▶ _RECORDED DATA_
------------------------
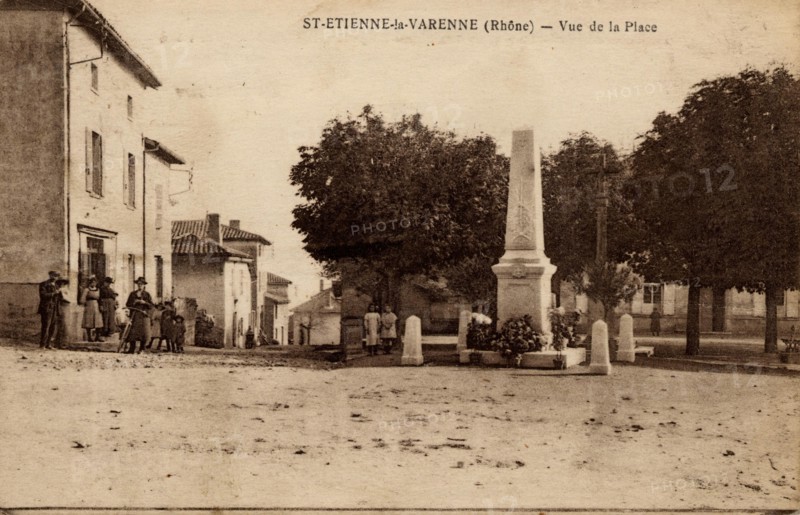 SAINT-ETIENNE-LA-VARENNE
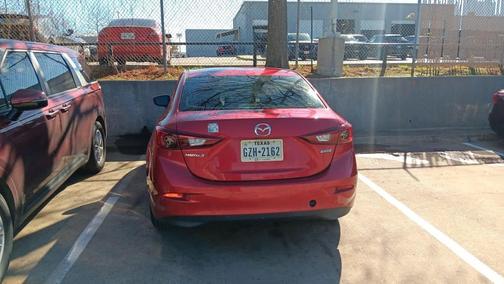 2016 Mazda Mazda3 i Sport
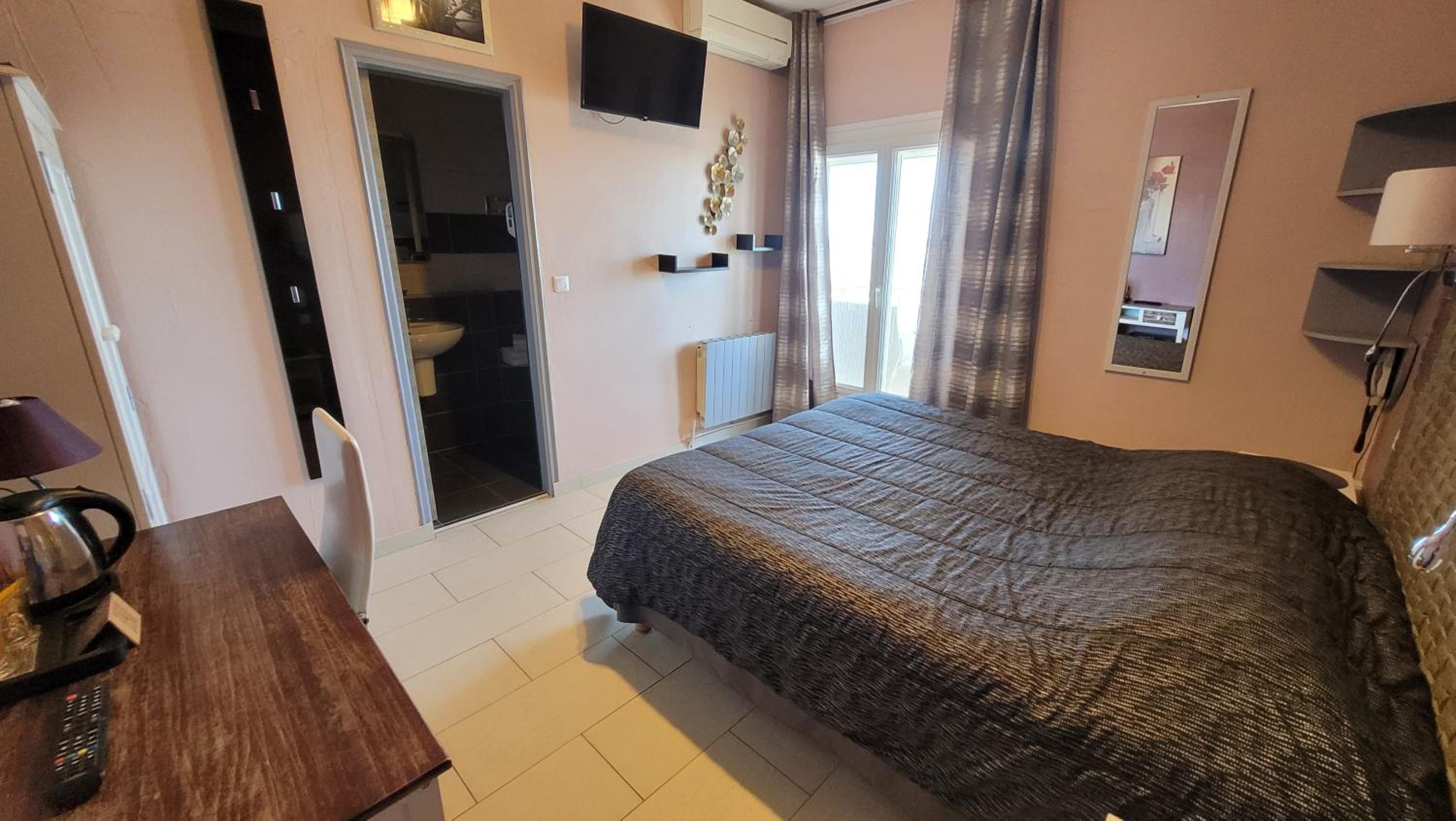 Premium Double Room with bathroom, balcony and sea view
------------------------
Everything from the line containing "2016 Mazda Mazda3 i Sport" to the final line of the listing above, both ends included, should be transcribed word for word, except for the pictures.

 2016 Mazda Mazda3 i Sport
 Premium Double Room with bathroom, balcony and sea view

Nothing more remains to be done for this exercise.